Short web captions:
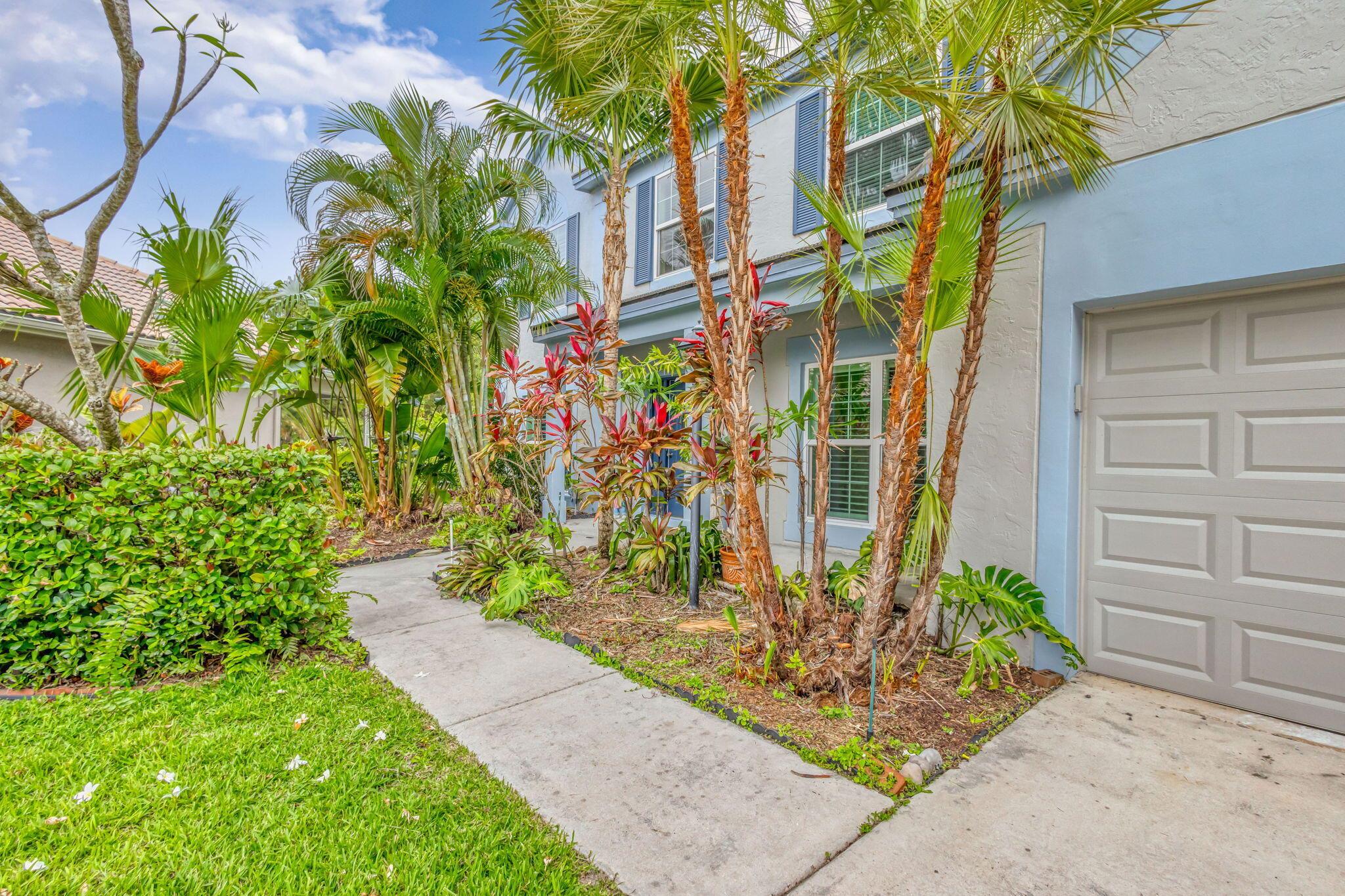 10263 Hunt Club Lane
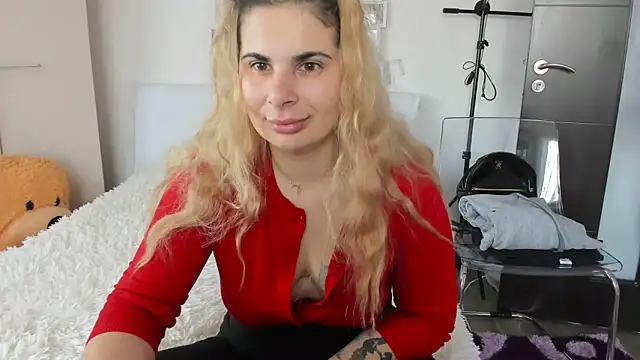 sweetemy4u online show from January 7, 8:24 am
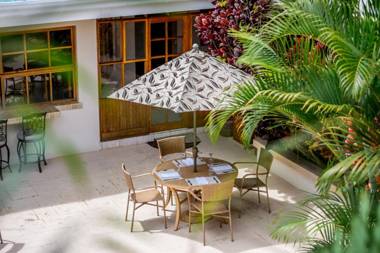 Buena Vista Chic Hotel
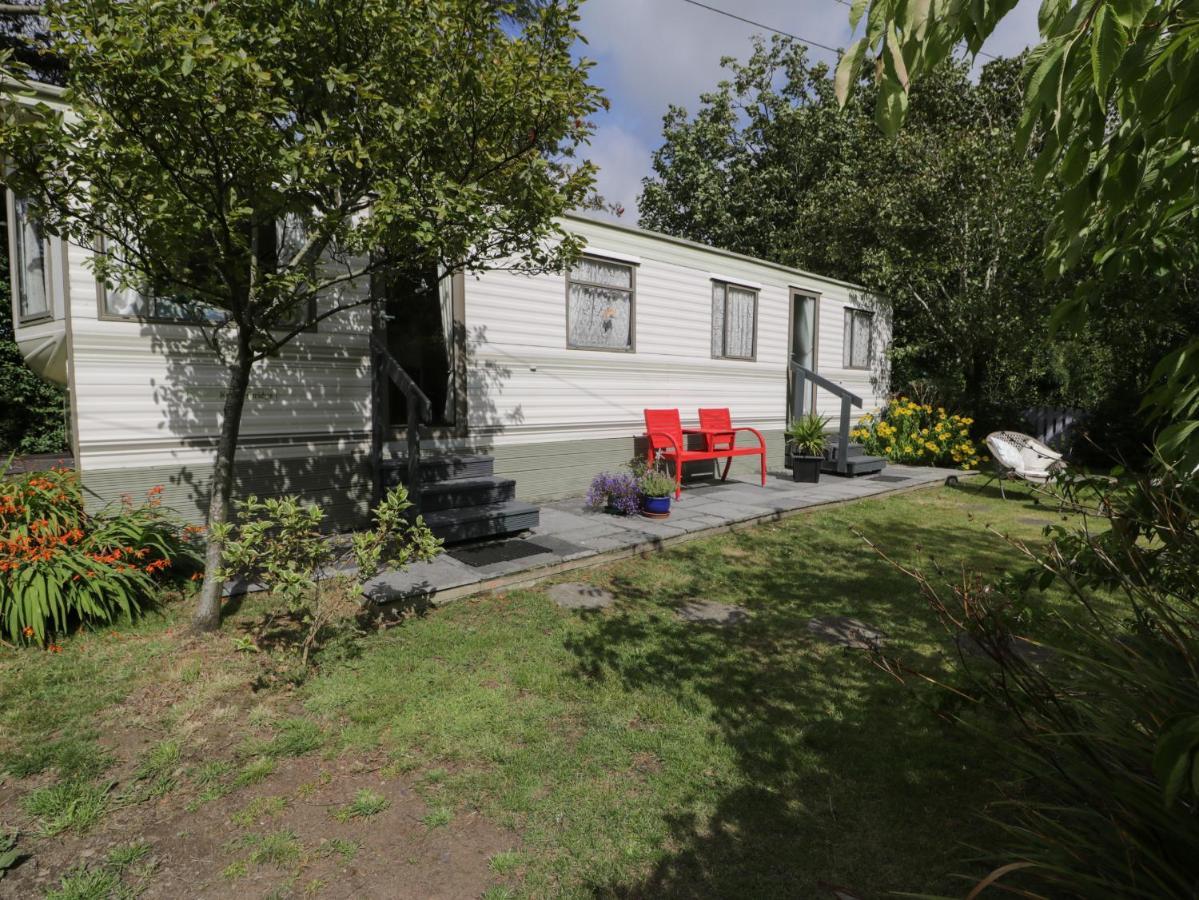 Fron Dderw Caravan Holyhead Eksteriør bilde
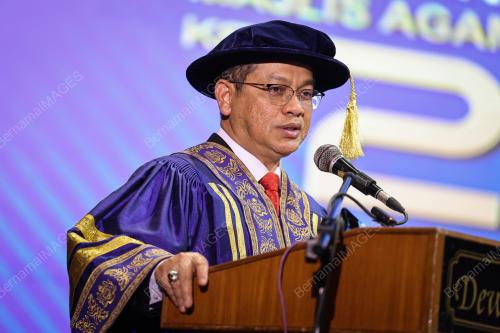 SENATOR DATUK DR MOHD NA'IM MOKHTAR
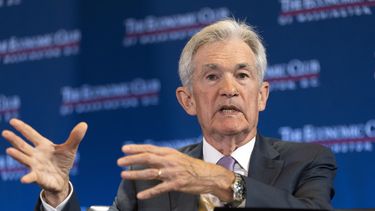 ARCHIVO - El presidente de la Reserva Federal, Jerome Powell, participa en una plática con The Economic Club en Washington, el 15 de julio de 2024. (AP Foto/Manuel Balce Ceneta, Archivo)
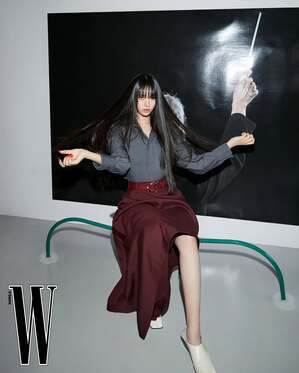 【フォト】MEOVV「W KOREA」カバー飾る…グループ＆ソロショットで強烈インパクト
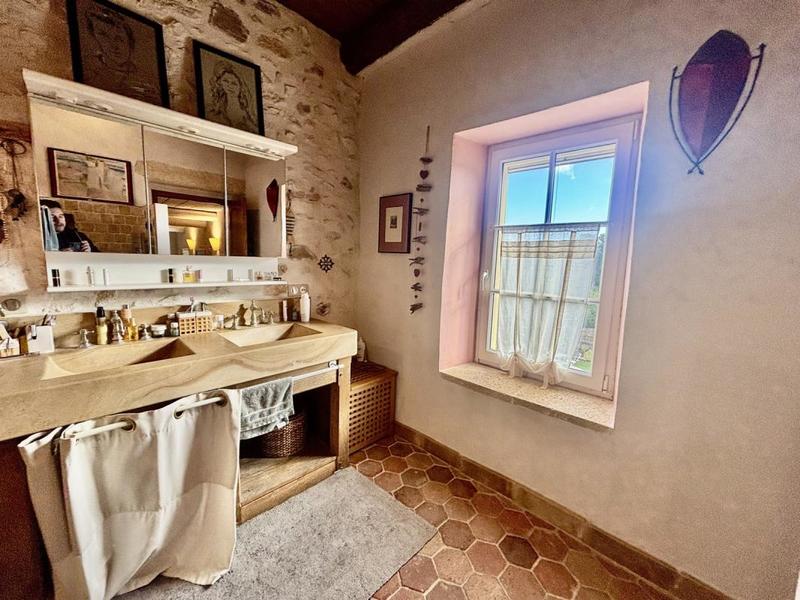 Mas - 292 m² - 7 pièces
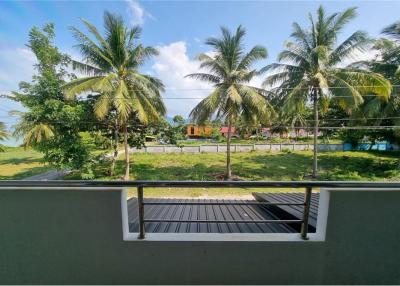 TOWNHOME FOR SALE 80 M. FROM  KHANOM BEACH !!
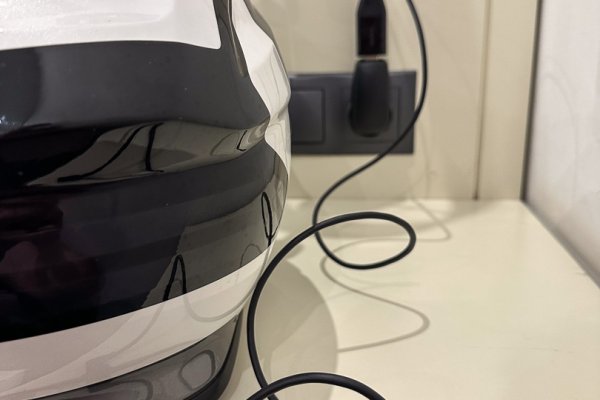 El intercomunicador se carga directamente a través del casco
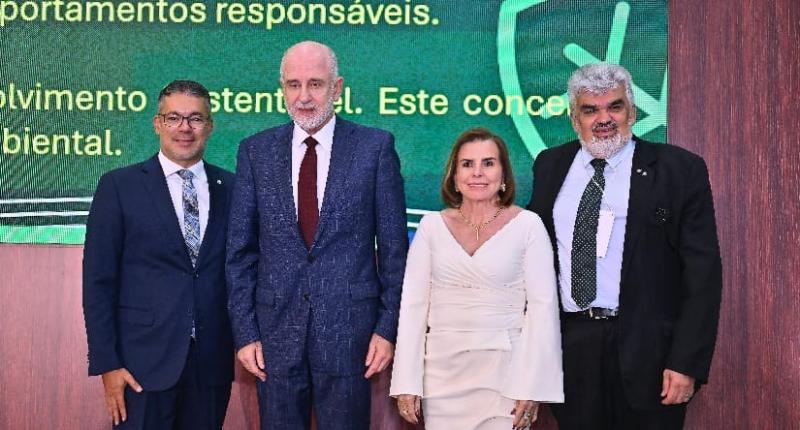 TCE-AM e IRB encerram Congresso Internacional de Controle e Políticas Públicas com palestra sobre sustentabilidade ambiental e assinatura da Declaração da Amazônia TCE-AM e IRB encerram Congresso Internacional de Controle e Políticas Públicas com palestra sobre sustentabilidade ambiental e assinatura da Declaração da Amazônia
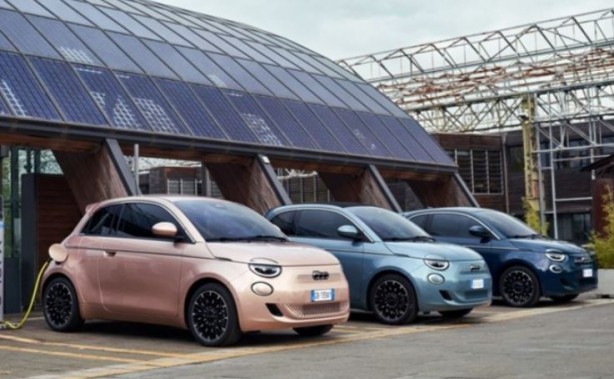 Foto - Avrupa'da otomobil satışları çakıldı! Fiat 500e üretime ara verdi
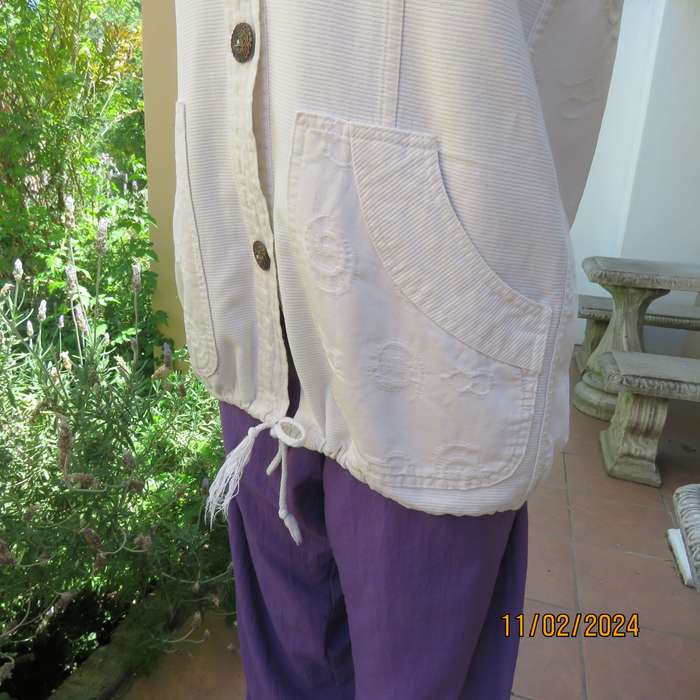 Must have white sleeveless patterned 100% cotton top-jacket. Drawstring hem. Pockets.Detail.Size 38.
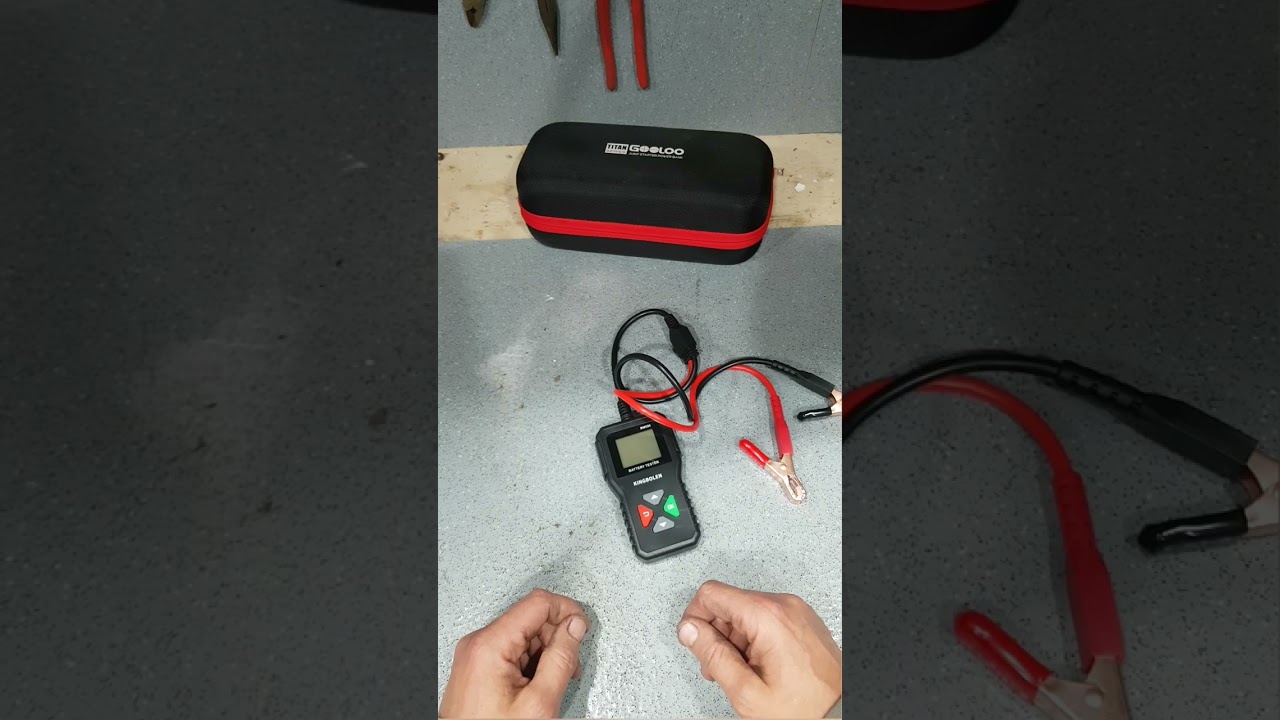 Testing out a Kingbolen BM550 battery analyser.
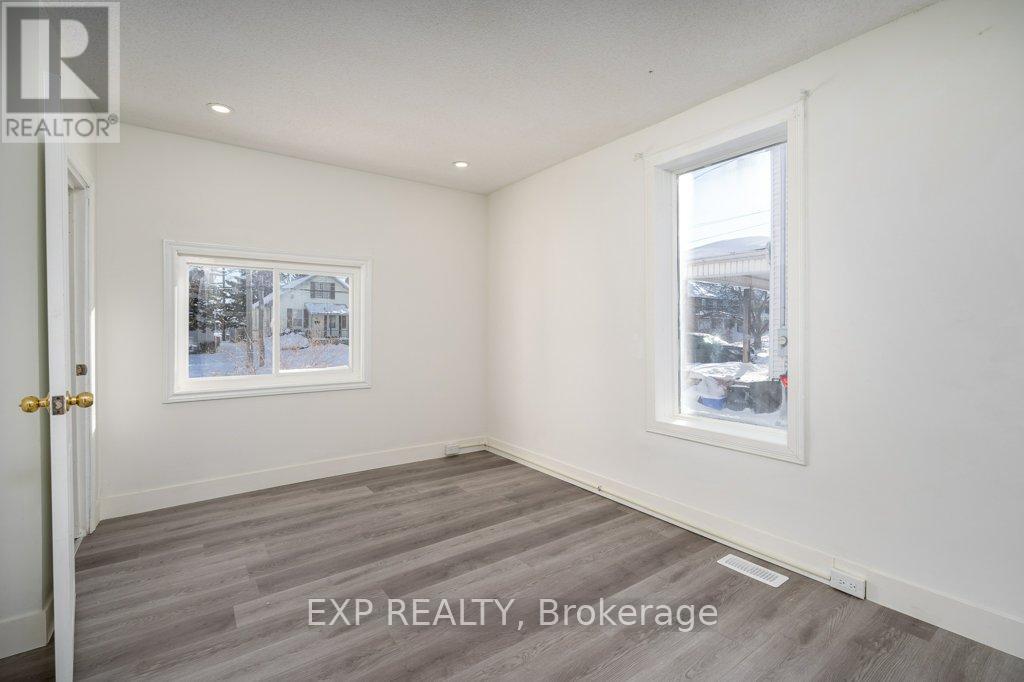 24 Albion Street, Belleville, Ontario  K8N 3R8 - Photo 8 - X12973864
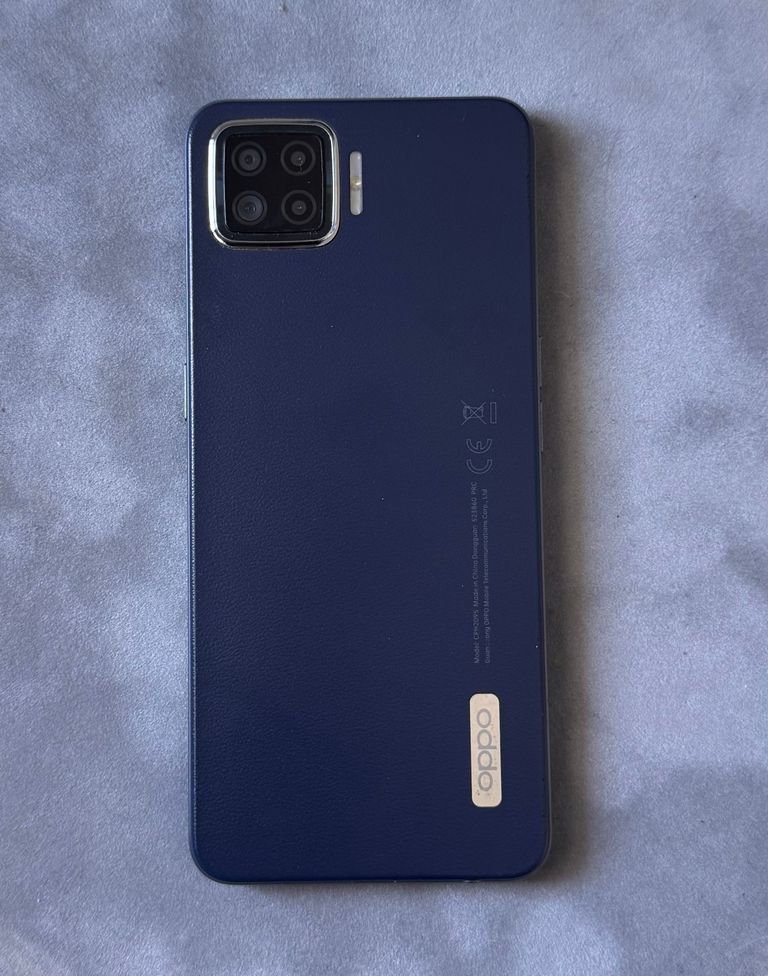Объявление Oppo A73 4/64GB Navy Blue Б/У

ABOUT THIS TASK: What is needed is a verbatim copy of every entry, with the pictures omitted.

RESULT OF THE TASK:
 10263 Hunt Club Lane
 sweetemy4u online show from January 7, 8:24 am
 Buena Vista Chic Hotel
 Fron Dderw Caravan Holyhead Eksteriør bilde
 SENATOR DATUK DR MOHD NA'IM MOKHTAR
 ARCHIVO - El presidente de la Reserva Federal, Jerome Powell, participa en una plática con The Economic Club en Washington, el 15 de julio de 2024. (AP Foto/Manuel Balce Ceneta, Archivo)
 【フォト】MEOVV「W KOREA」カバー飾る…グループ＆ソロショットで強烈インパクト
 Mas - 292 m² - 7 pièces
 TOWNHOME FOR SALE 80 M. FROM  KHANOM BEACH !!
 El intercomunicador se carga directamente a través del casco
 TCE-AM e IRB encerram Congresso Internacional de Controle e Políticas Públicas com palestra sobre sustentabilidade ambiental e assinatura da Declaração da Amazônia TCE-AM e IRB encerram Congresso Internacional de Controle e Políticas Públicas com palestra sobre sustentabilidade ambiental e assinatura da Declaração da Amazônia
 Foto - Avrupa'da otomobil satışları çakıldı! Fiat 500e üretime ara verdi
 Must have white sleeveless patterned 100% cotton top-jacket. Drawstring hem. Pockets.Detail.Size 38.
 Testing out a Kingbolen BM550 battery analyser.
 24 Albion Street, Belleville, Ontario  K8N 3R8 - Photo 8 - X12973864
Объявление Oppo A73 4/64GB Navy Blue Б/У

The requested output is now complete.